● **About this task**: Restate, word for word, the lines from the opening line of the data through the line containing "Mercedes-Benz G-Class 2024 G 500 фото 14", both included, and nothing else.

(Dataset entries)
........
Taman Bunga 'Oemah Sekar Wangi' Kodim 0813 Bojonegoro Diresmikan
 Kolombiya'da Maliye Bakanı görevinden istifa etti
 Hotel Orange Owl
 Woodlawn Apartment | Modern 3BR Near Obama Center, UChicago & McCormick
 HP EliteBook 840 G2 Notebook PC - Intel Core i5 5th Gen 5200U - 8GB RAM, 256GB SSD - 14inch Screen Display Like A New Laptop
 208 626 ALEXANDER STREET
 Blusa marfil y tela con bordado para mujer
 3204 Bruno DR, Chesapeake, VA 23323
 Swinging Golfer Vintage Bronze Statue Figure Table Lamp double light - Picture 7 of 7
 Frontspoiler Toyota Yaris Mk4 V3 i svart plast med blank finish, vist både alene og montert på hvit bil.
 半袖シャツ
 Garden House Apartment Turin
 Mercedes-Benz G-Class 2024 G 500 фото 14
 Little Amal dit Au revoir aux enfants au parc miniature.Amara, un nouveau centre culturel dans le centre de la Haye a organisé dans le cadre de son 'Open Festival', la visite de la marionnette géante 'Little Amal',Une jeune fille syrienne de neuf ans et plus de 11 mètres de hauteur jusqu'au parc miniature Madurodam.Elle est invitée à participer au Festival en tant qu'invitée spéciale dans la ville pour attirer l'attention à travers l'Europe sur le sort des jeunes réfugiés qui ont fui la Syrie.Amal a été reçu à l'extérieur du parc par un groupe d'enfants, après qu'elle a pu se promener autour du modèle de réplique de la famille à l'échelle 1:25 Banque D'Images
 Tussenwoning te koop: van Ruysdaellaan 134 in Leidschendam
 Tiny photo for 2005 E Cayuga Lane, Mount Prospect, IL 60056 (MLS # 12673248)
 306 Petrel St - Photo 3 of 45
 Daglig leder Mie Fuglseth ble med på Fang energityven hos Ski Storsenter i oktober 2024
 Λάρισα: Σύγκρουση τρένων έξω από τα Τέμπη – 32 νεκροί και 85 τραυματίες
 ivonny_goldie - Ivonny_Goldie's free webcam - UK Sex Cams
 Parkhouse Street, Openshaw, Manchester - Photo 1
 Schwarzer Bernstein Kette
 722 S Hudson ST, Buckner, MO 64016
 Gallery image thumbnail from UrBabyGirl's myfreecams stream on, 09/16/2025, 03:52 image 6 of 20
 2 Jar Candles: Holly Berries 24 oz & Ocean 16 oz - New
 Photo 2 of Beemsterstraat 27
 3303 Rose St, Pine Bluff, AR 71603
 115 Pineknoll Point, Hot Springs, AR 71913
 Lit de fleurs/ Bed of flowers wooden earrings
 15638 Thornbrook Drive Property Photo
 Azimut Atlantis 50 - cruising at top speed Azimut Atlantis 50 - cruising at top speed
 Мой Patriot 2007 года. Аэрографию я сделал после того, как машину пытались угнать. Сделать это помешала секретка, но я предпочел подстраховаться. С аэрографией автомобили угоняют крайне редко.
........
● **Solution for this task**:
Taman Bunga 'Oemah Sekar Wangi' Kodim 0813 Bojonegoro Diresmikan
 Kolombiya'da Maliye Bakanı görevinden istifa etti
 Hotel Orange Owl
 Woodlawn Apartment | Modern 3BR Near Obama Center, UChicago & McCormick
 HP EliteBook 840 G2 Notebook PC - Intel Core i5 5th Gen 5200U - 8GB RAM, 256GB SSD - 14inch Screen Display Like A New Laptop
 208 626 ALEXANDER STREET
 Blusa marfil y tela con bordado para mujer
 3204 Bruno DR, Chesapeake, VA 23323
 Swinging Golfer Vintage Bronze Statue Figure Table Lamp double light - Picture 7 of 7
 Frontspoiler Toyota Yaris Mk4 V3 i svart plast med blank finish, vist både alene og montert på hvit bil.
 半袖シャツ
 Garden House Apartment Turin
 Mercedes-Benz G-Class 2024 G 500 фото 14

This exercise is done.